==== Data excerpt ====
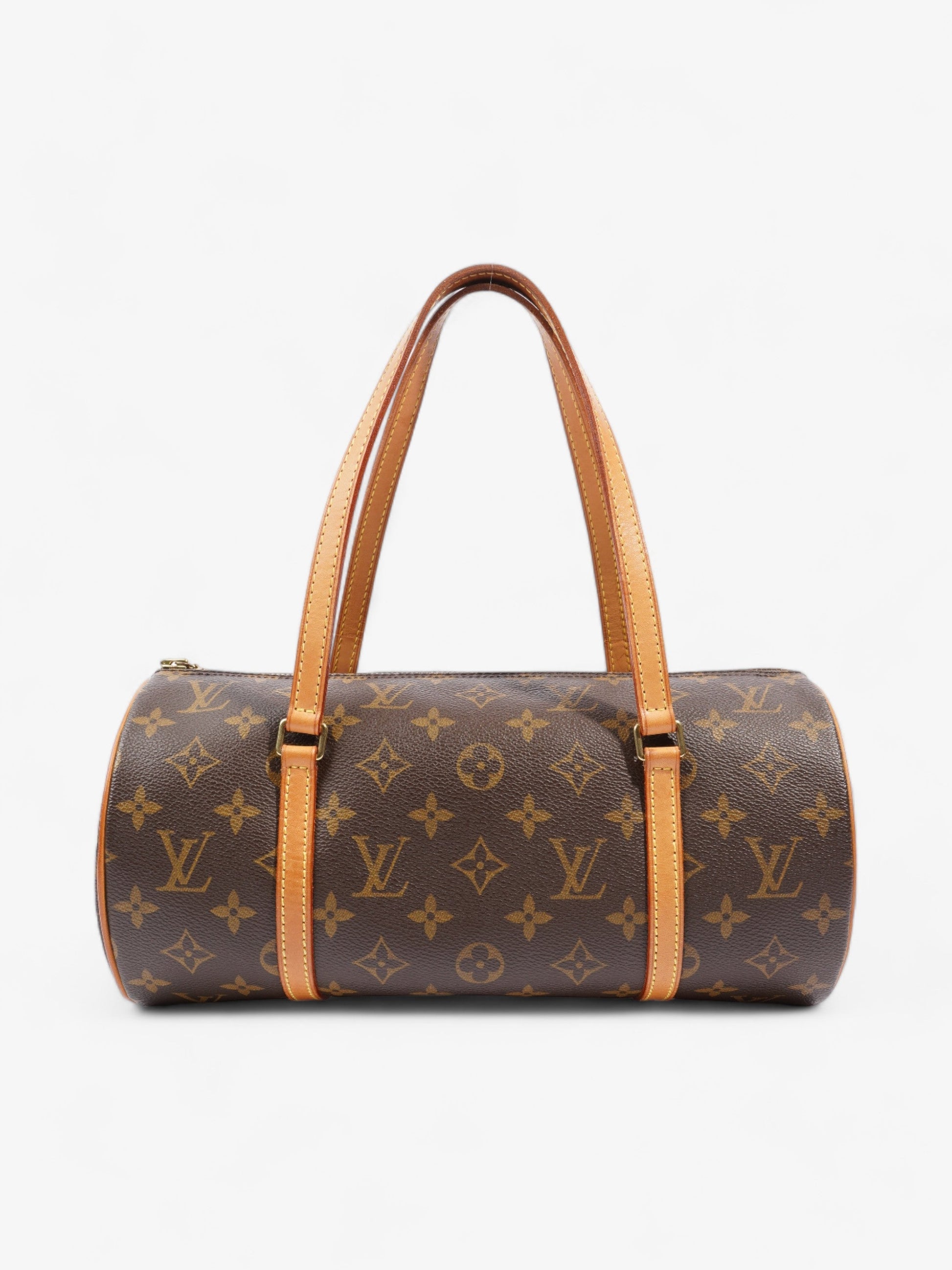 Louis Vuitton Papillon Coated 30 Monogram Canvas Coated Canvas Apparel Canvas 34
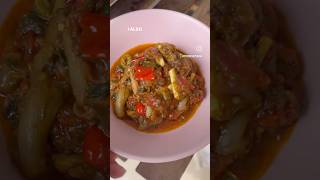 Colocasia easy recipe  Authentic Food of Assam [upl. by Kahler751]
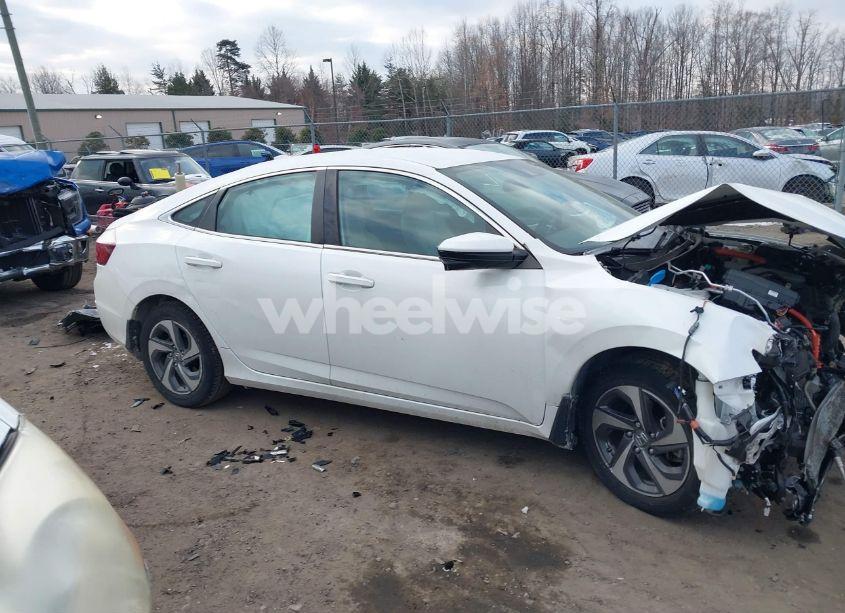 Photo 12 of 2019 Honda Insight EX (VIN 19XZE4F58KE016976)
====
**Requirement**
Where a picture appears, omit it, and otherwise retype the material exactly.

**Exercise answer**
 Louis Vuitton Papillon Coated 30 Monogram Canvas Coated Canvas Apparel Canvas 34
 Colocasia easy recipe  Authentic Food of Assam [upl. by Kahler751]
 Photo 12 of 2019 Honda Insight EX (VIN 19XZE4F58KE016976)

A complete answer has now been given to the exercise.